Hi, I’m developing Facial Expression Recognition deep learning model for OpenMV.

I trained TensorFlow model for this task.
I converted Keras model to TensorFlow Lite quantized model.
The model is int8 quantized(both input and output).

My quantized model work well on PC,
But model dose not work on OpenMV H7.
It’s can loaded but inference result is always wrongz(guess wrong expression).

TFLite model is here.

Conversion script is here.

OpenMV script is here.

On OpenMV, using the firmware on this thread.

TFLite model input is int8 but Pixel Value is 255.
It’s no problem?

Do you have idea to fix inference result?

Thank you.

Hi, if you trained for int and you use grayscale we’d just give you 0 to 255. This probably breaks your model. Our code just converts the source image into the target format for the CNN. It does not convert unsigned data into signed data.

What was the range of input you fed your model? 0 to 127? -128 to 127? What’s the mapping from 0 to 255 to what your model takes?

I can probably add something to make this automatic. But, information on the mapping would help.

Also, our output code expect uint8 too. Please look at the code here and let me know what needs more flexibility. I only just removed the check in our lib to allow int8 images in. I did not do anything to fix the signedness.

https://github.com/openmv/openmv/blob/master/src/omv/py/py_tf.c#L213 - Input

https://github.com/openmv/openmv/blob/master/src/omv/py/py_tf.c#L322 - Output

Thanks kwagyeman,

I tried int8(0-127) input and uint8 output.
Then I got this error message when running.

OSError: tensorflow/lite/micro/kernels/quantize.cc:47 input->type == kTfLiteFloat32 || input->type == kTfLiteInt16 was not true.

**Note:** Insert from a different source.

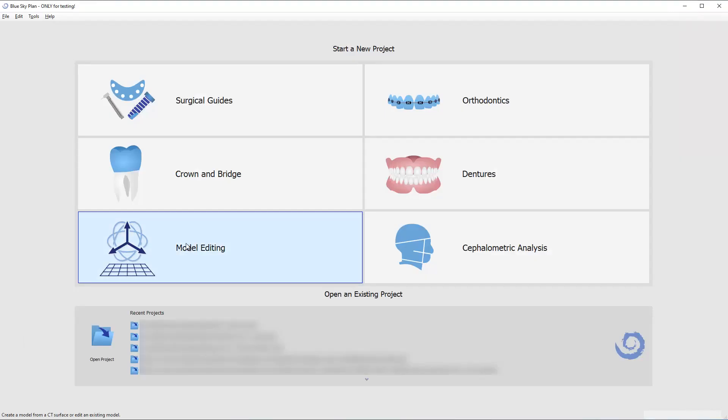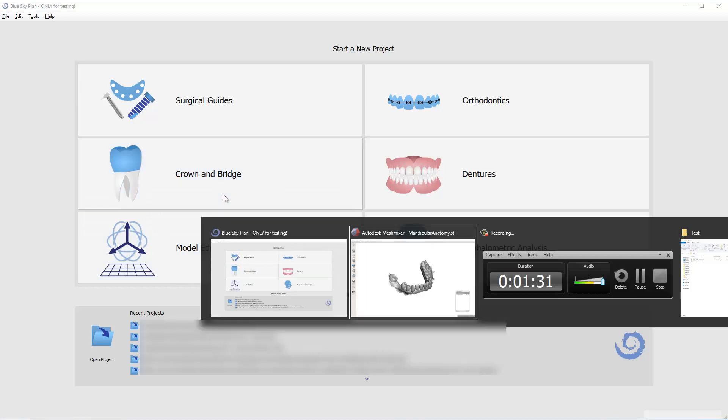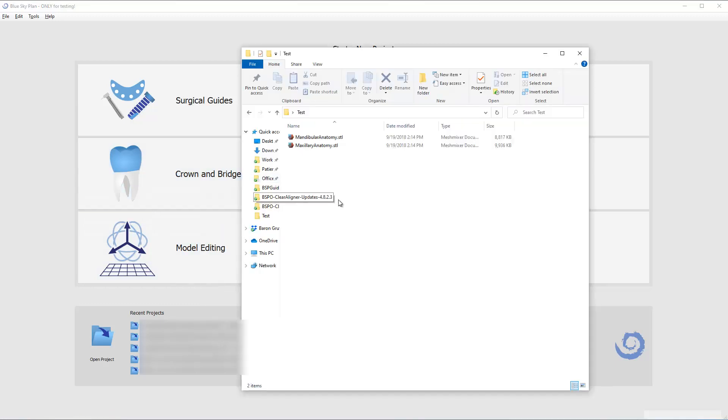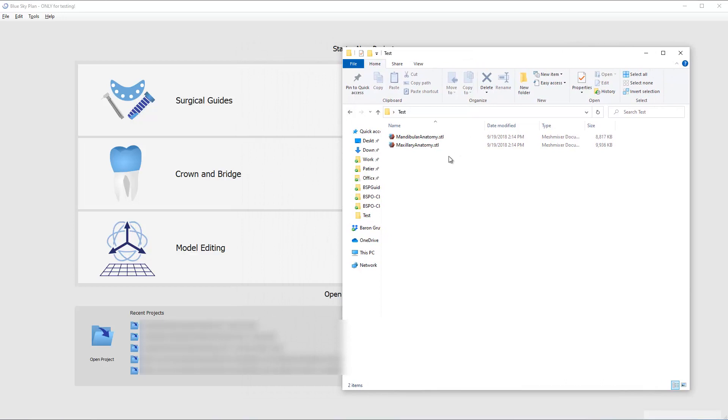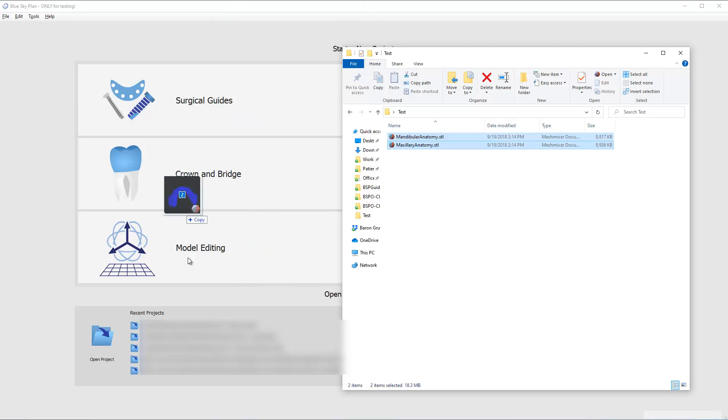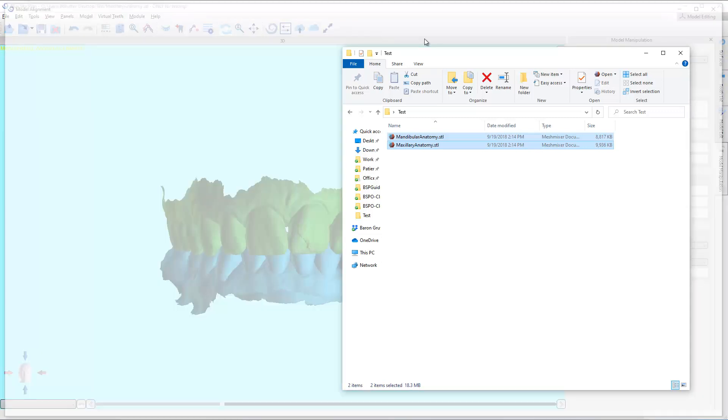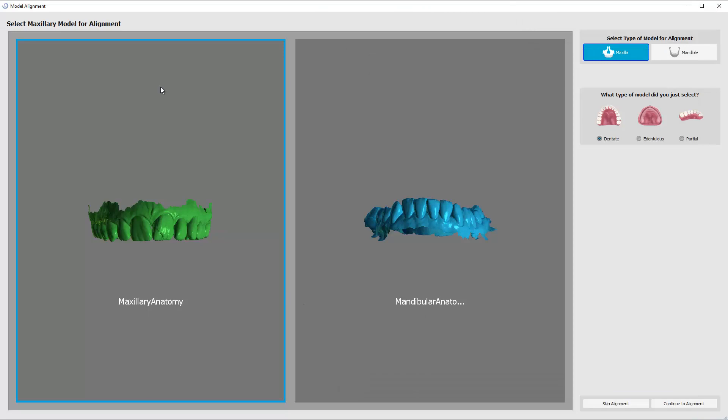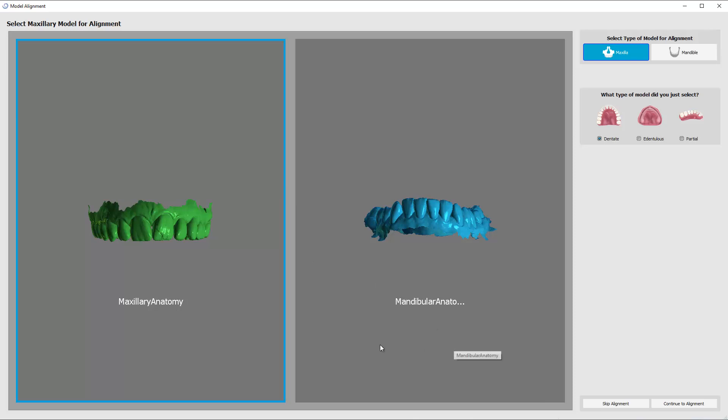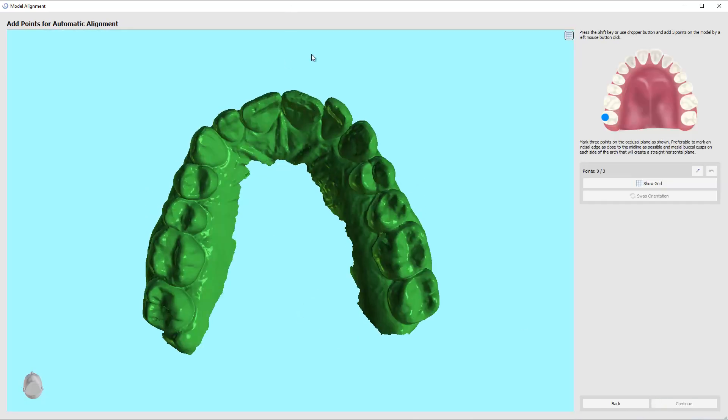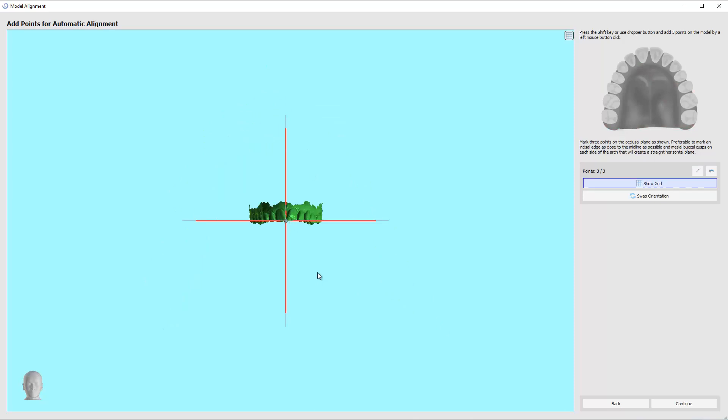The first thing we need is a set of models, and I'm going to select them both and drag them into the software. It's going to open us up into the model editing module. The first thing it's going to want to do is it's going to want us to align them. Hold the shift button to mark, mark, mark. And there it is.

I have just one quantize node, after softmax.
This model is fully 8bit quantized and error says input should be float or int16…?
I don’t know what this mean crealy.

Anyway, I will try some experiment for some conditions.

Thank you.

That’s an error in the TensorFlow library. I cannot solve that.

Anyway, for your previous network. What was the range of the input data and expected output data?

I can just subtract 128 from all pixels going in and subtract 128 from the output and this might mix everything.

Please tell me the range of input data and output data on the desktop.